Turn on your TI calculator and ensure it's in the appropriate mode (usually "Math" or "Home" mode).
Press the "2nd" function key to access the secondary functions.
Press the "√" (square root) key to bring up the square root function.
Enter the number "3" by pressing the "3" key.
Press the ")" key to close the square root function.
The calculator will display the result: √3 ≈ 1.73205080757.

Note: The exact value of √3 is an irrational number that cannot be expressed as a simple fraction. The decimal approximation provided by the calculator is accurate to 12 decimal places.

Formula used

The square root of a number x is a value that, when multiplied by itself, gives the original number. Mathematically, this is represented as:

√x = y where y × y = x

For x = 3:

√3 ≈ 1.73205080757

The square root function is an inverse operation of squaring.

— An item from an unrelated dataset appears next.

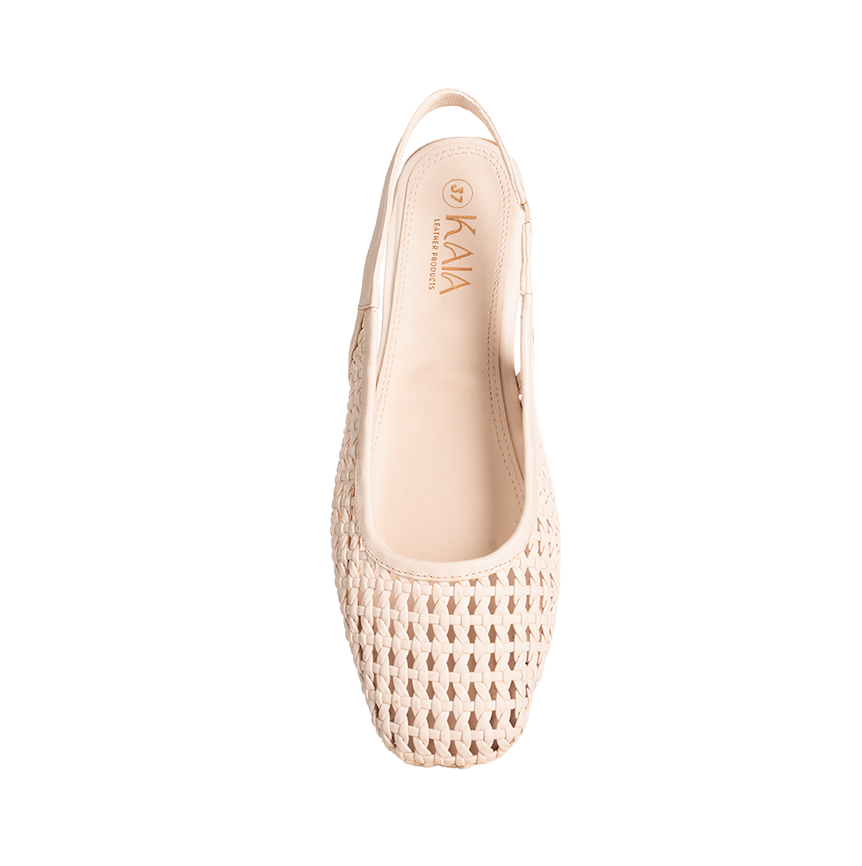Mesh-Effect Slingback Ballerinas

It's widely used in geometry to find the length of a side of a right triangle when the other two sides are known, in algebra to solve quadratic equations, and in trigonometry to find the lengths of sides in right triangles.

Examples

Example 1: Basic Calculation

Calculate √3 using a TI calculator:

Press "2nd" then "√" to access the square root function.
Enter "3" and press ")" to close the function.
The calculator displays: 1.73205080757.

Example 2: Using in a Geometry Problem

Find the length of the hypotenuse of a right triangle with legs of 1 unit and √3 units:

Calculate √3 ≈ 1.73205080757.
Use the Pythagorean theorem: c = √(a² + b²) = √(1² + (√3)²) = √(1 + 3) = √4 = 2.
The hypotenuse is 2 units long.

Example 3: Solving a Quadratic Equation

Solve the equation x² - 2x - 3 = 0:

Use the quadratic formula: x = [2 ± √(4 + 12)] / 2 = [2 ± √16] / 2.
Calculate √16 = 4.
Solutions: x = (2 + 4)/2 = 3 and x = (2 - 4)/2 = -1.

FAQ

Q: What is the exact value of √3?

A: The exact value of √3 is an irrational number that cannot be expressed as a simple fraction. It's approximately 1.73205080757.

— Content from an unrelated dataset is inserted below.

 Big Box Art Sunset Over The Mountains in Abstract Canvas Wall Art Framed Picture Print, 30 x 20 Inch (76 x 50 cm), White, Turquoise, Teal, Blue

Q: How do I calculate √3 on a TI calculator?

A: Press "2nd" then "√", enter "3", and press ")" to get the result: √3 ≈ 1.73205080757.

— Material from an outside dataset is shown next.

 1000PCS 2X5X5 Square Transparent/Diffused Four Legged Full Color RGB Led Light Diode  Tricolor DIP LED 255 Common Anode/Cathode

Q: Where is the square root function located on a TI calculator?

A: The square root function is typically found by pressing "2nd" then "√" on most TI calculator models.

Q: Can I use the square root function for negative numbers?

A: No, the square root function on a TI calculator only works for non-negative numbers. Attempting to calculate the square root of a negative number will result in an error.